*Material provided*
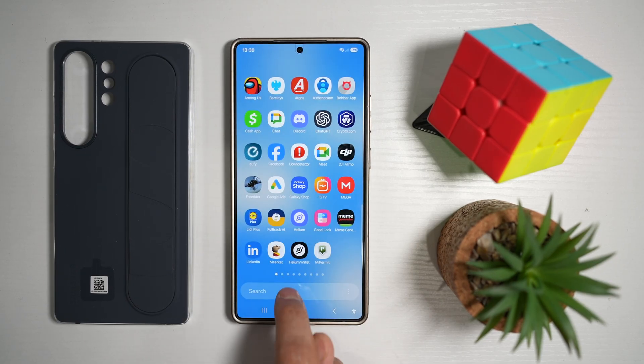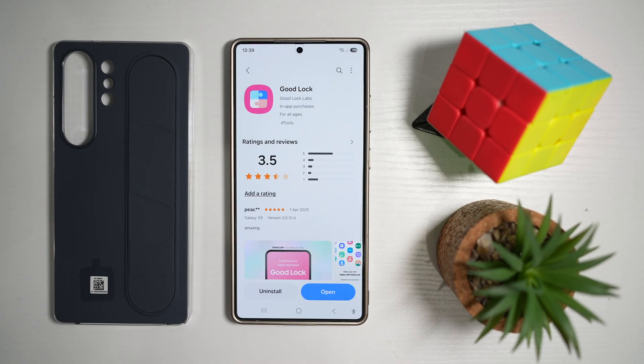To do this, you want to go ahead and first open up the Galaxy Store. From here, find Good Lock and go ahead and open the app.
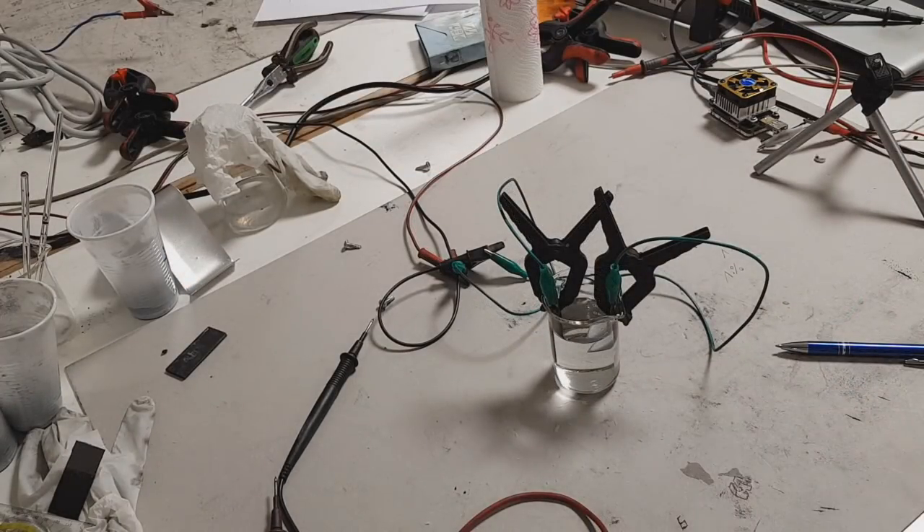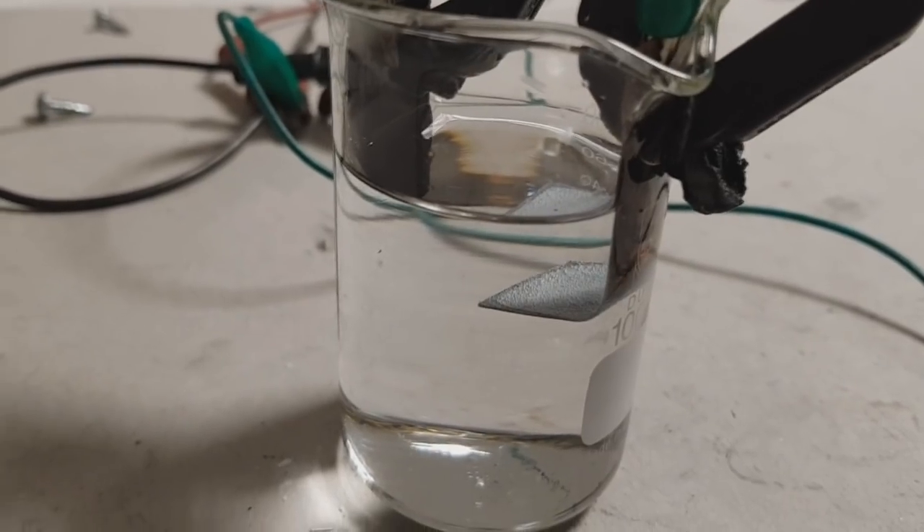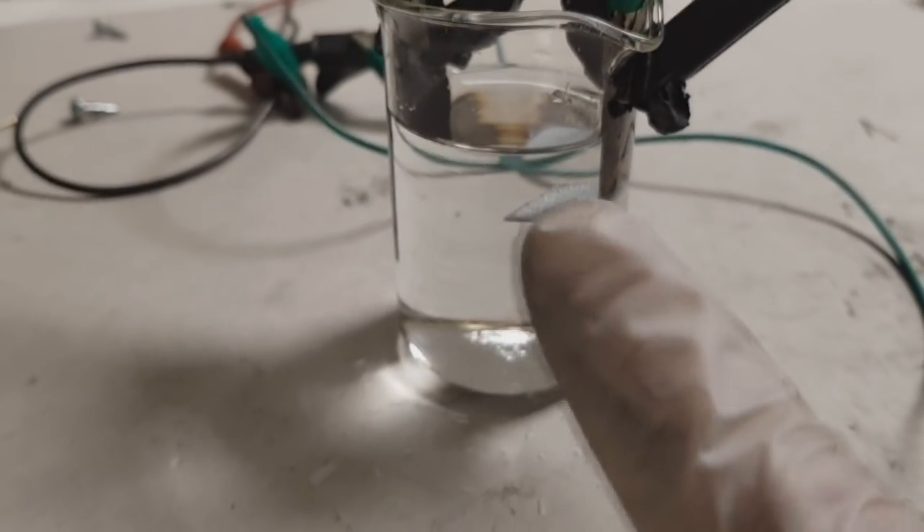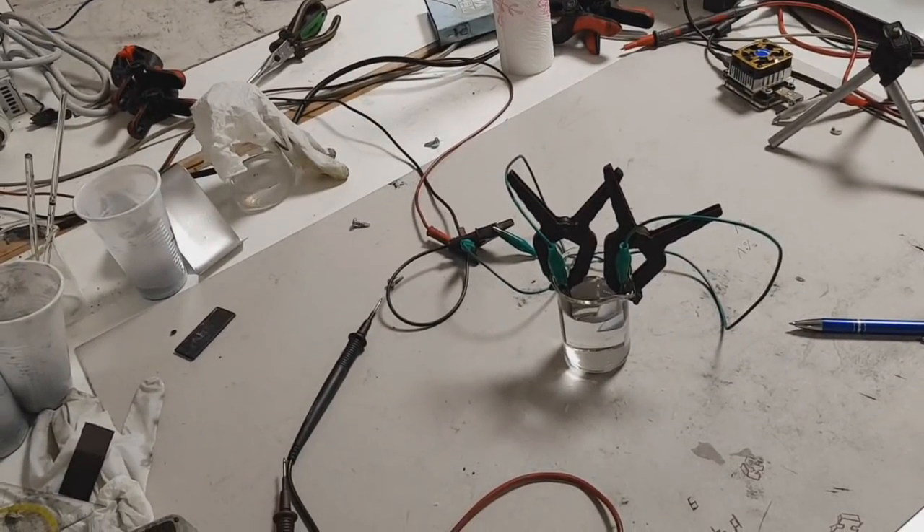After adding this additive to the zinc sulfate electrolyte, I will repeat the charging and we will see if we get such a large amount of zinc dendrite formation. Right now the cell looks like this and we will see what we get after 10 minutes of recharging at 6 volts.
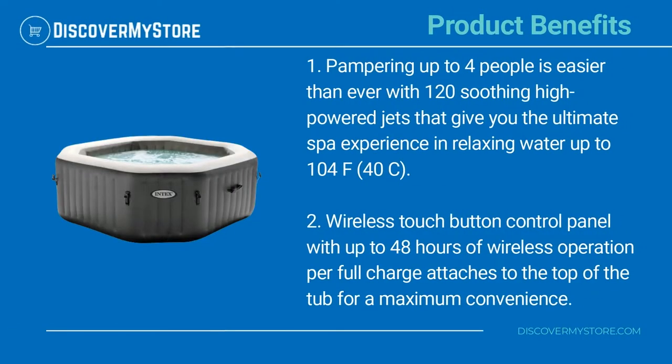Pampering up to four people is easier than ever with 120 soothing high-powered jets that give you the ultimate spa experience in relaxing water up to 104 degrees Fahrenheit, or 40 degrees Celsius.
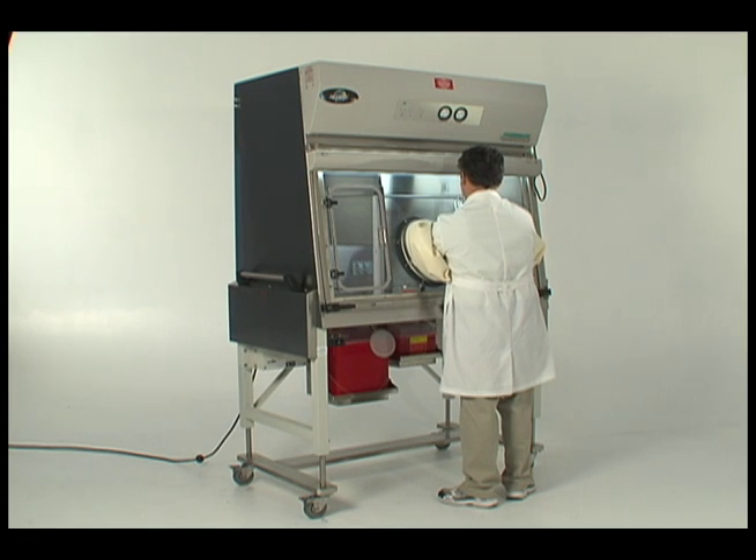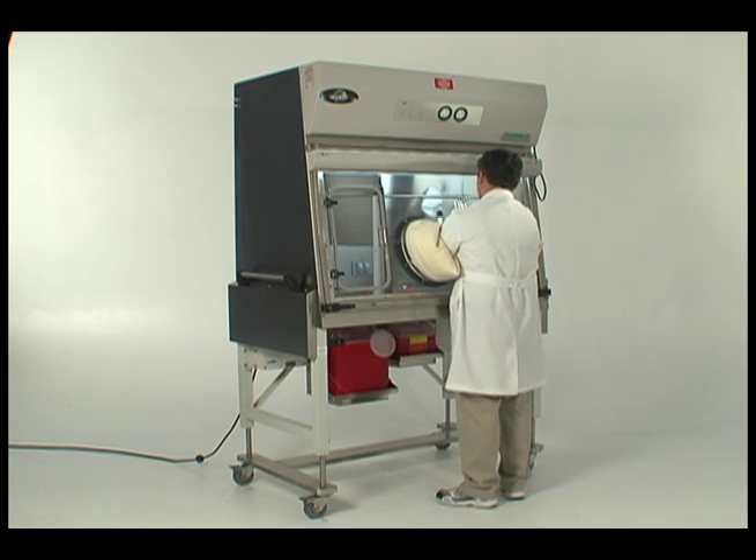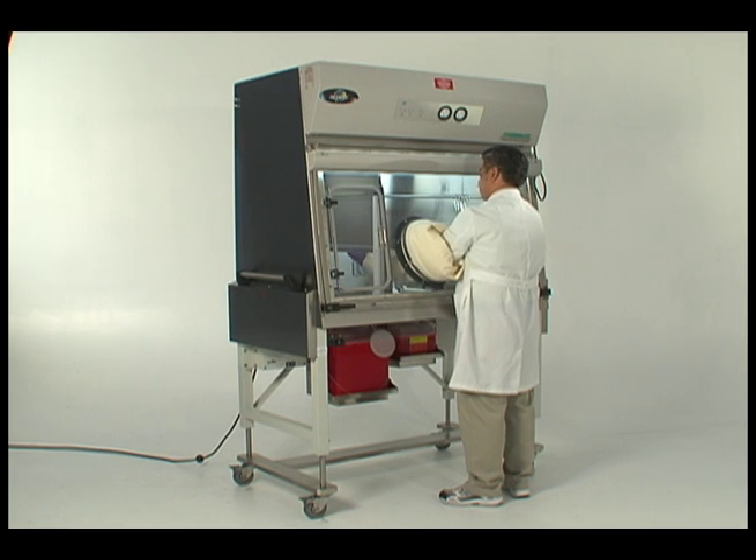Cleaning: All residues or soils from previous runs must be removed to prevent contamination of future runs. A detergent or cleaning agent must be chosen based on the type of residue remaining and the characteristics of the product.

*Your objective*
The listing above must be printed again exactly, minus its pictures.

*Response below*
To do this, you want to go ahead and first open up the Galaxy Store. From here, find Good Lock and go ahead and open the app.
After adding this additive to the zinc sulfate electrolyte, I will repeat the charging and we will see if we get such a large amount of zinc dendrite formation. Right now the cell looks like this and we will see what we get after 10 minutes of recharging at 6 volts.
Pampering up to four people is easier than ever with 120 soothing high-powered jets that give you the ultimate spa experience in relaxing water up to 104 degrees Fahrenheit, or 40 degrees Celsius.
Cleaning: All residues or soils from previous runs must be removed to prevent contamination of future runs. A detergent or cleaning agent must be chosen based on the type of residue remaining and the characteristics of the product.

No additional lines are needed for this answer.